Taking the entries below, transcribe only the lines starting with the one with "Curver Swing |" and going on through the one with "Gucci Brera Large", exactly as written, without the pictures.

**PROVIDED INFORMATION:**
= Beginning of Section =

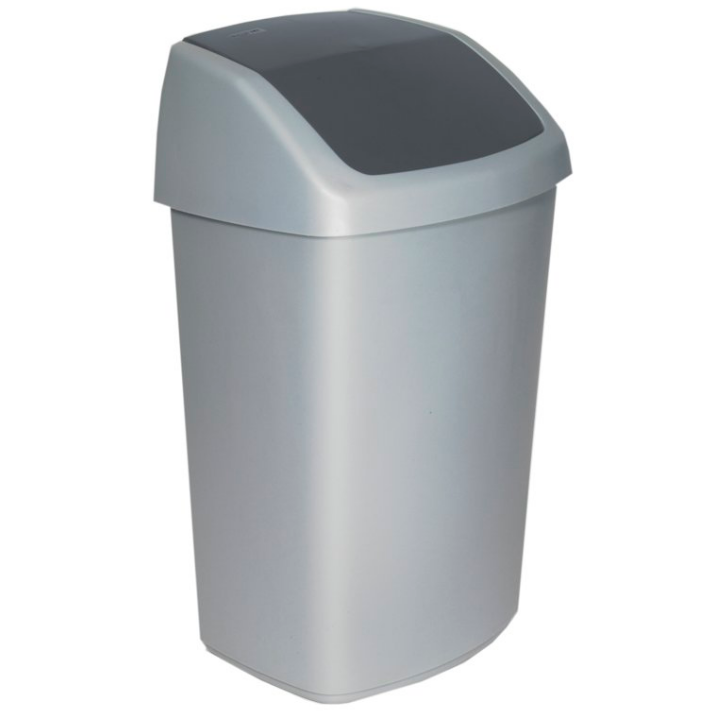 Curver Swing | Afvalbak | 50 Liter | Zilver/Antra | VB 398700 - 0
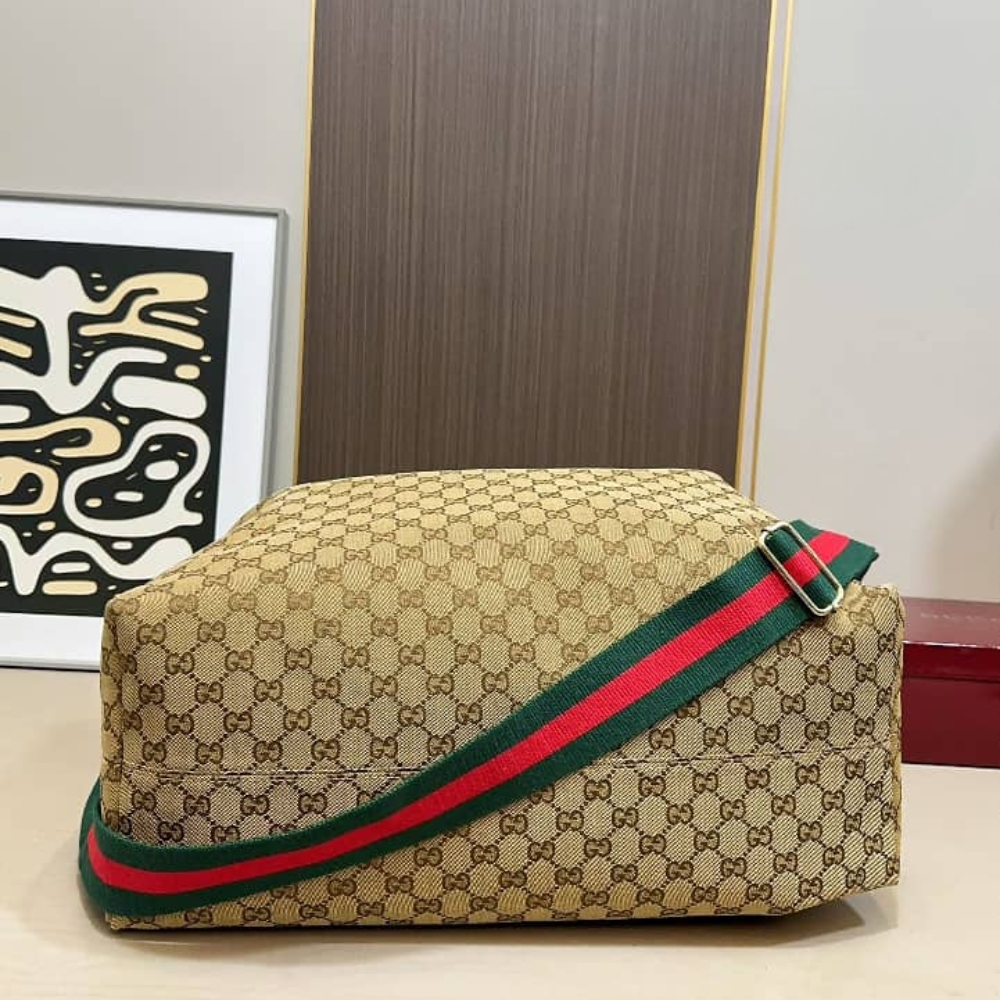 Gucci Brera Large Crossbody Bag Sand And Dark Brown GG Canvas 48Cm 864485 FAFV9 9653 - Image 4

= End of Section =
= Beginning of Section =

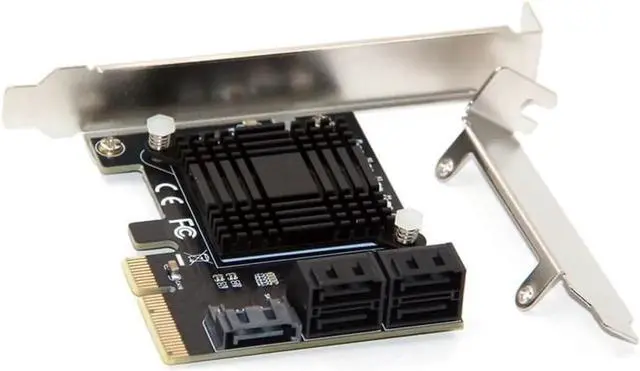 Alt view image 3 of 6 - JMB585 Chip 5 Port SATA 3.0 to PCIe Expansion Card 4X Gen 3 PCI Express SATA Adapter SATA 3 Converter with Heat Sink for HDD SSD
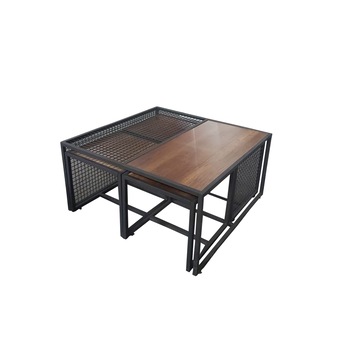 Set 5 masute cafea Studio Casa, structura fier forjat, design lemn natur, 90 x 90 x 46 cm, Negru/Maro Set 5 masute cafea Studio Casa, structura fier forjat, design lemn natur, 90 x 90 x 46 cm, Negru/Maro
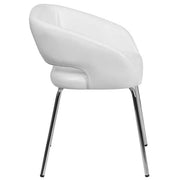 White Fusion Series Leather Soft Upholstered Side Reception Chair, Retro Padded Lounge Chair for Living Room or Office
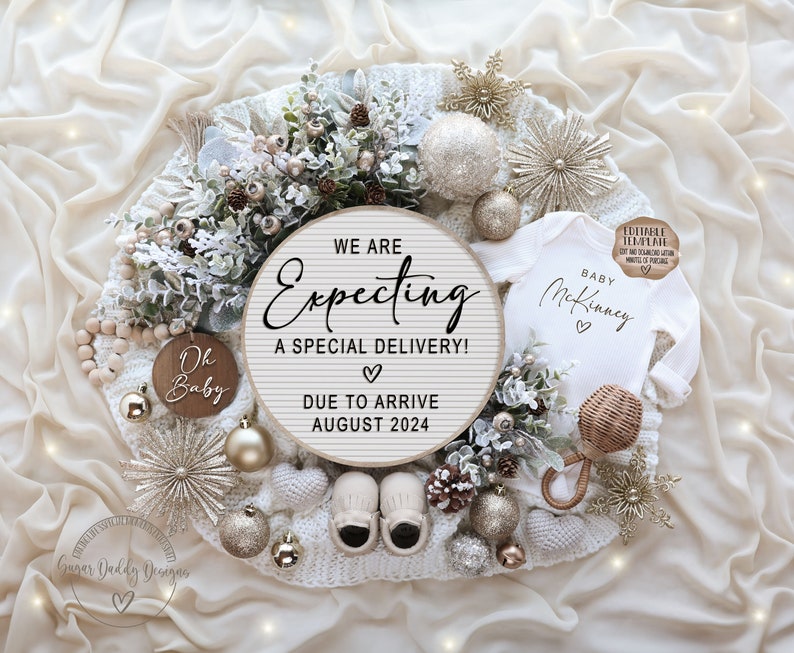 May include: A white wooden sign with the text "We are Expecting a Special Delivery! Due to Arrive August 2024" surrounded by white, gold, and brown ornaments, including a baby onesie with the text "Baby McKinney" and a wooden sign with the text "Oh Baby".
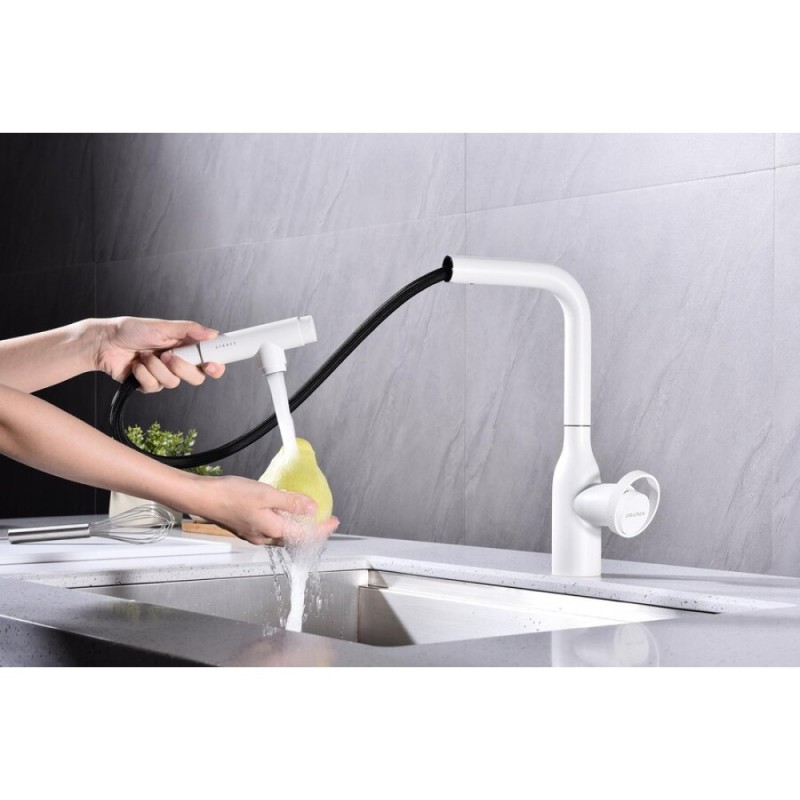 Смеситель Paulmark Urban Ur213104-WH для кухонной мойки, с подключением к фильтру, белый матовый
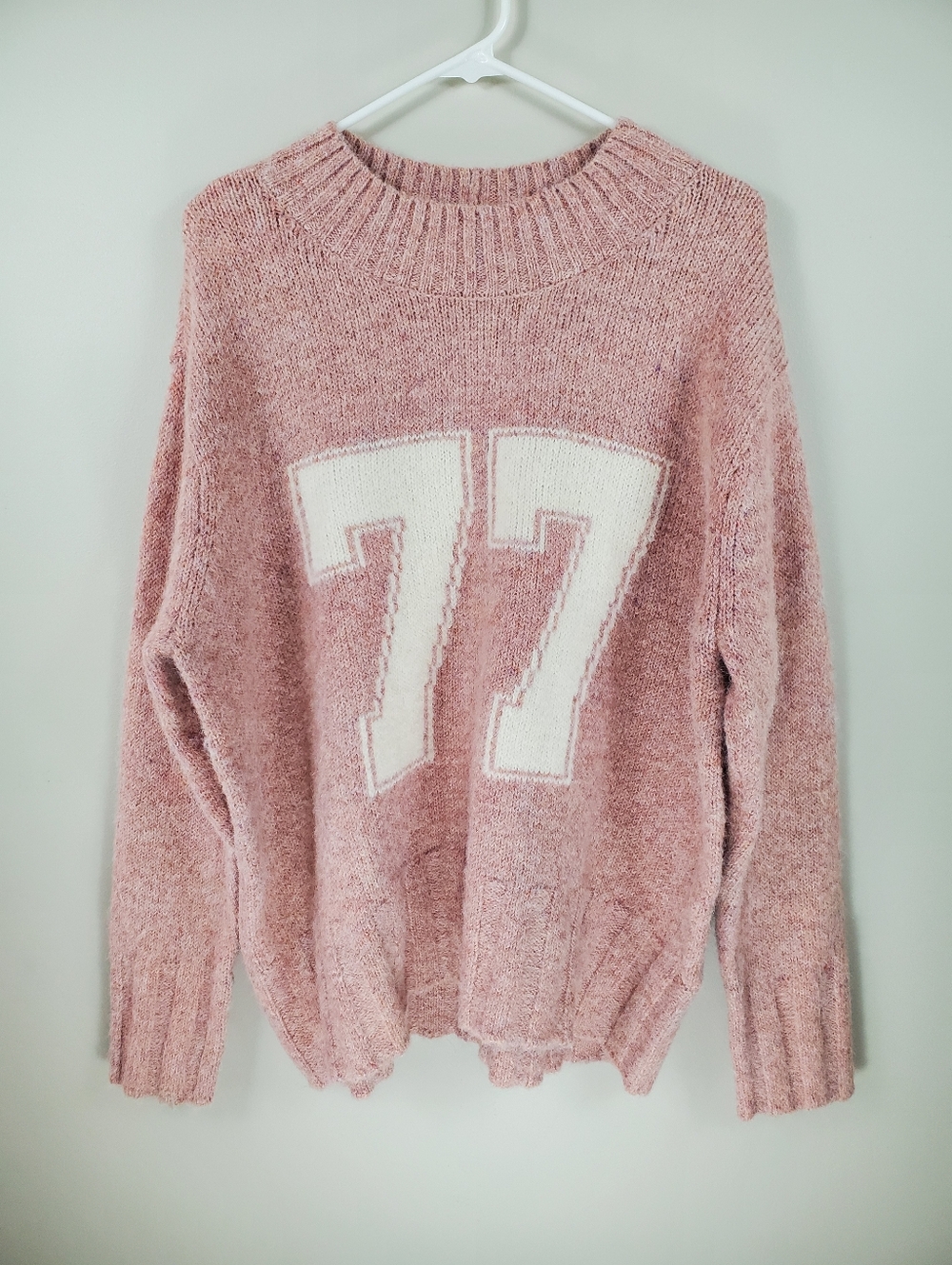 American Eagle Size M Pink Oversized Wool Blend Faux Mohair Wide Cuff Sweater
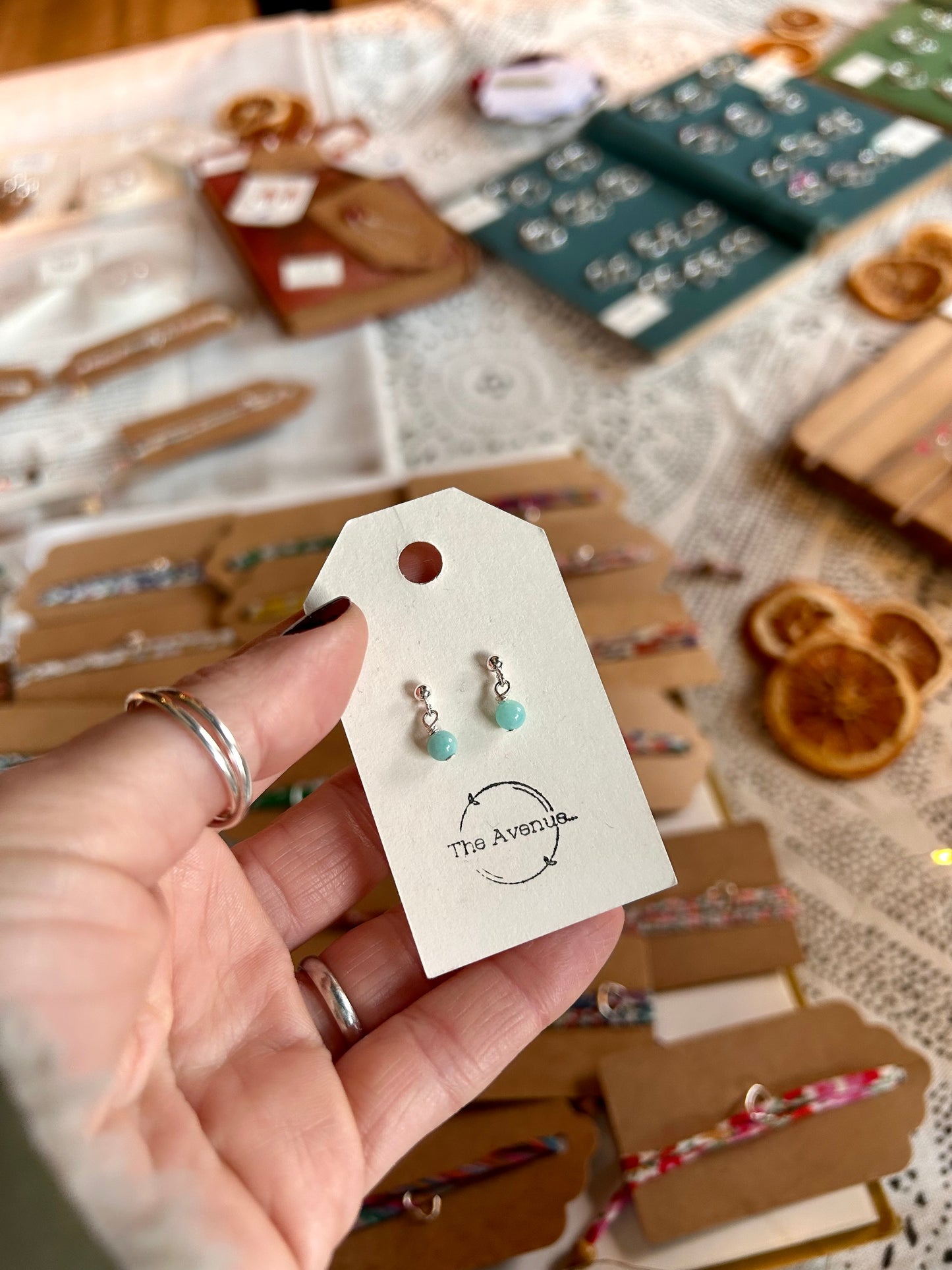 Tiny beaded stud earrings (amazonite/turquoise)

= End of Section =
= Beginning of Section =

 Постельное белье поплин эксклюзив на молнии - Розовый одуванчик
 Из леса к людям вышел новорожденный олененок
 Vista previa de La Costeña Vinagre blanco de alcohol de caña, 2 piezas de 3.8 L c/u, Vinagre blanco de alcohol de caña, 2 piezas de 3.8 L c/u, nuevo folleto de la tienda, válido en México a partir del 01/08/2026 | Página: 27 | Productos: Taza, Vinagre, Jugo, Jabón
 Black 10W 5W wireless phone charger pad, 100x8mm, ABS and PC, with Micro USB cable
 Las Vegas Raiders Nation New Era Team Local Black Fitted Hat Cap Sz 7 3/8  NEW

= End of Section =

**SOLUTION:**
 Curver Swing | Afvalbak | 50 Liter | Zilver/Antra | VB 398700 - 0
 Gucci Brera Large Crossbody Bag Sand And Dark Brown GG Canvas 48Cm 864485 FAFV9 9653 - Image 4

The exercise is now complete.